Among the actors of the classic era were two who worked together many times, William Powell and Myrna Loy. Six of their films together from the 1930s and 1940s are a single franchise: The Thin Man series. The characters Nick and Nora Charles were created by Dashiell Hammett (The Maltese Falcon), and the films got quite an audience at the time. These films are detective thrillers with more then a dash of humour, centered on the husband and wife pair, whose banter and chemistry are smart, sharp, and playful. Nick, an occasional detective who married into money, spends his time overseeing his wife’s financial interests and pursuing the ideal recipe for a vodka martini (often more of the latter). He seems to know an awful lot of people who are, well, disreputable. The films start out with a murder (and usually more before each is done). Nora likes to push Nick back into investigating the case. Nick would much rather finish his drink.

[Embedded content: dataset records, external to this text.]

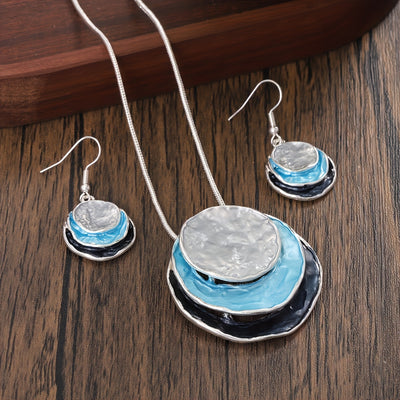 3‑Layer Round Enamel Jewellery Set Necklace & Earrings UK Delivery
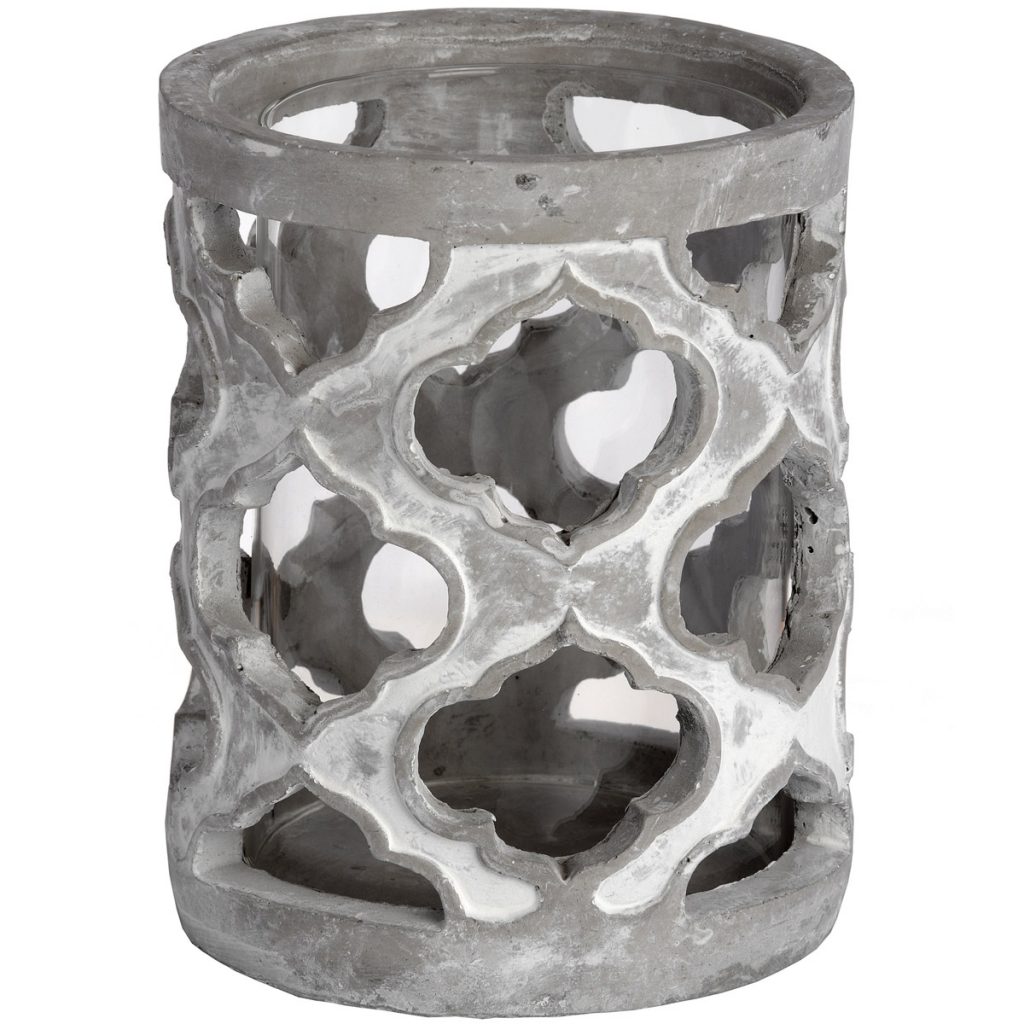 18525-b Grey Stone Indoor Outdoor Candle Holder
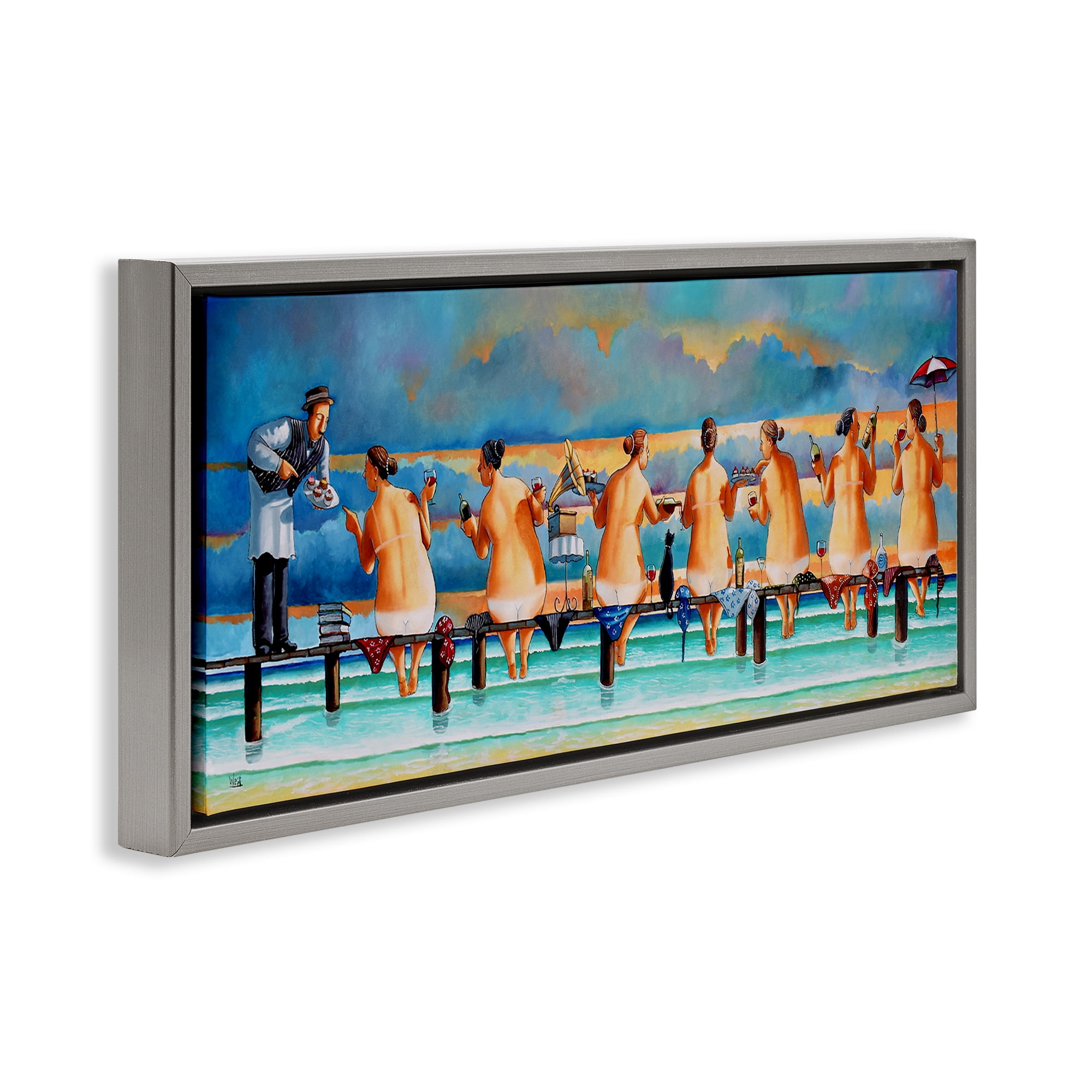 Stupell Industries Ladies Enjoying Beach Novelty Painting Gray Floater Framed Canvas Art Print Wall Art, 25 x 11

Yet in each film, there’s always a moment when Nick changes priorities; he starts taking the case seriously, and you see his detective’s brain at work, sorting out the case. You can usually tell when it is by the fact that Nick stops drinking (or at least cuts down). Nick proceeds to methodically work things out, bringing together the suspects, and unmasking the killer in a dramatic way (incidentally, if you haven’t seen the second in the series, After The Thin Man, you might be startled by James Stewart’s character).
Now then, before I go off on a film history talk, I thought I’d come to the point. Awhile back, during one of my writer’s group meetings, I was reading a passage from Heaven & Hell. The passage is from the point of view of Stavros Maras, the counter-terrorism unit commander. In it, he’s watching my protagonists and three of his team members get ready for an night time operation against the Covenant. He muses that he sees in the others the exact same professionalism as he does in his own team. That kind of surprised me (and I’m the guy who wrote it, mind you). Why?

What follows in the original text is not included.